Dalam laporan hasil pemeriksaan, BPK menyebut permasalahan yang ditemukan tidak hanya bersifat administratif. Auditor mengidentifikasi lemahnya verifikasi legalitas perusahaan media, belum optimalnya pengawasan, serta pembayaran belanja media yang dilakukan tidak sesuai dengan ketentuan.

Salah satu temuan yang menjadi perhatian ialah mekanisme pembayaran yang dilakukan secara kolektif melalui rekening bendahara sebelum diteruskan kepada masing-masing perusahaan media. Menurut BPK, pembayaran seharusnya dilakukan langsung kepada pihak yang berhak menerima sesuai ketentuan yang berlaku.

Selain itu, auditor menemukan sejumlah perusahaan media tetap menerima pembayaran meski diduga belum memenuhi persyaratan administrasi. Temuan tersebut meliputi akta pendirian perusahaan yang tidak sesuai, situs web yang tidak aktif atau tidak diperbarui dalam waktu lama, hingga artikel yang dibayarkan tetapi terindikasi merupakan hasil plagiarisme atau tidak memenuhi standar karya jurnalistik.

BPK mencatat terdapat 76 transaksi bermasalah, yang terdiri atas 25 transaksi pada 13 perusahaan media yang bekerja sama dengan Dinas Komunikasi dan Informatika (Diskominfo) Kota Metro serta 51 transaksi pada 32 perusahaan media di lingkungan Sekretariat DPRD Kota Metro.

Dalam pemeriksaan tersebut, auditor juga menemukan kelebihan pembayaran sebesar Rp2.013.835 yang direkomendasikan untuk dikembalikan ke kas daerah. Selain itu, terdapat indikasi pembayaran kepada perusahaan media yang tidak memenuhi persyaratan dengan nilai sekitar Rp2,098 miliar, yang menjadi salah satu temuan terbesar dalam audit belanja publikasi Pemkot Metro Tahun Anggaran 2025.

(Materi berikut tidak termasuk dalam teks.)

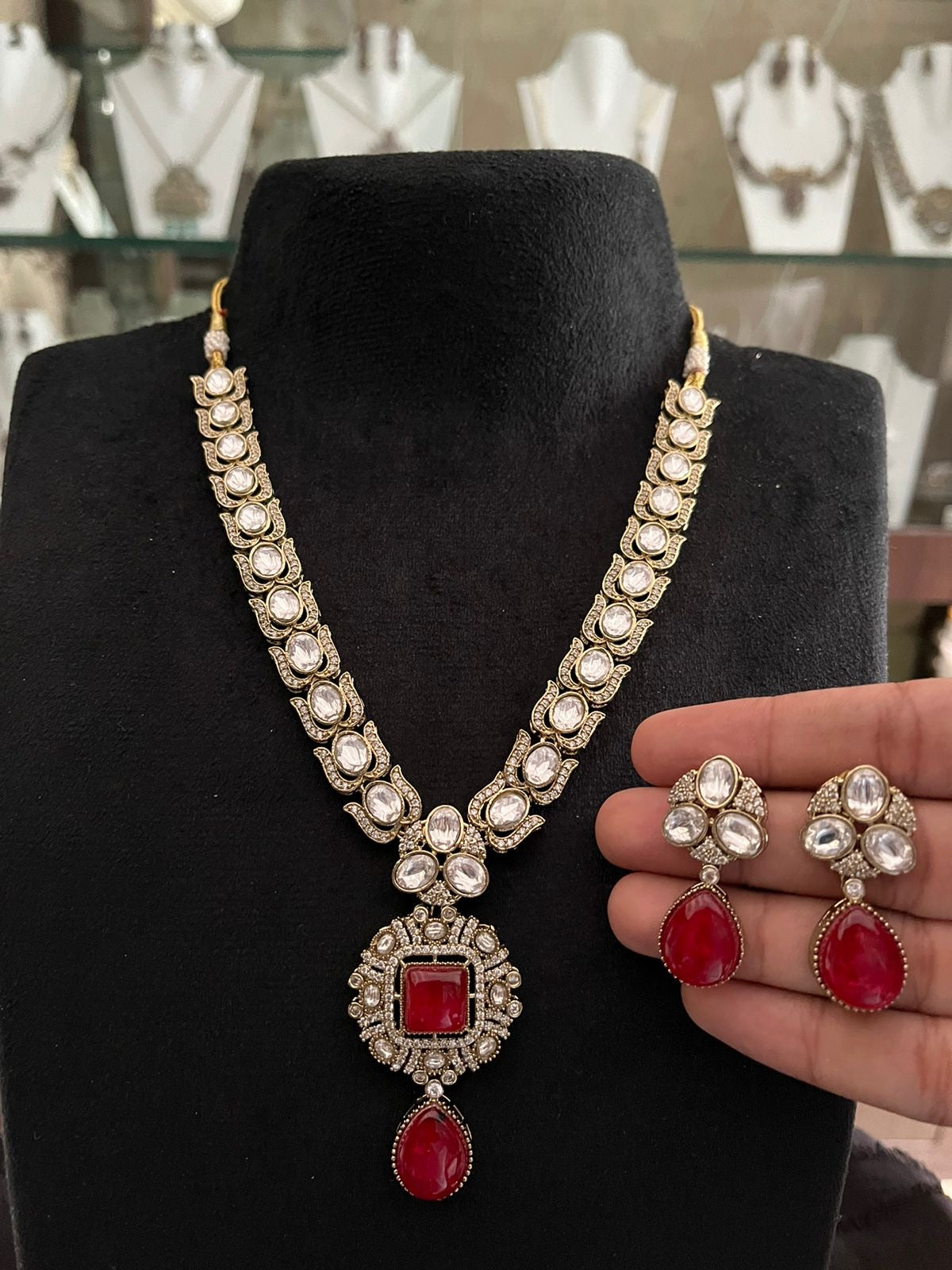 Regal Red Kundan Set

BPK menyimpulkan permasalahan tersebut dipicu lemahnya tata kelola dan pengawasan. Pemerintah Kota Metro dinilai belum memiliki pedoman kerja sama media yang diterapkan secara efektif. Pengawasan oleh Kepala Diskominfo dan Sekretaris DPRD juga disebut belum optimal, sementara Pejabat Pembuat Komitmen (PPK), Pejabat Pelaksana Teknis Kegiatan (PPTK), hingga Badan Pengelola Keuangan dan Aset Daerah (BPKAD) dinilai belum melakukan validasi dokumen, legalitas perusahaan media, kredibilitas, maupun keaktifan situs web sebelum anggaran dicairkan.

Temuan itu memunculkan pertanyaan mengenai proses verifikasi perusahaan media yang menerima kerja sama publikasi menggunakan anggaran daerah. Auditor juga menyoroti bagaimana mekanisme pembayaran yang tidak sesuai ketentuan dapat berlangsung dalam puluhan transaksi tanpa terdeteksi sejak awal.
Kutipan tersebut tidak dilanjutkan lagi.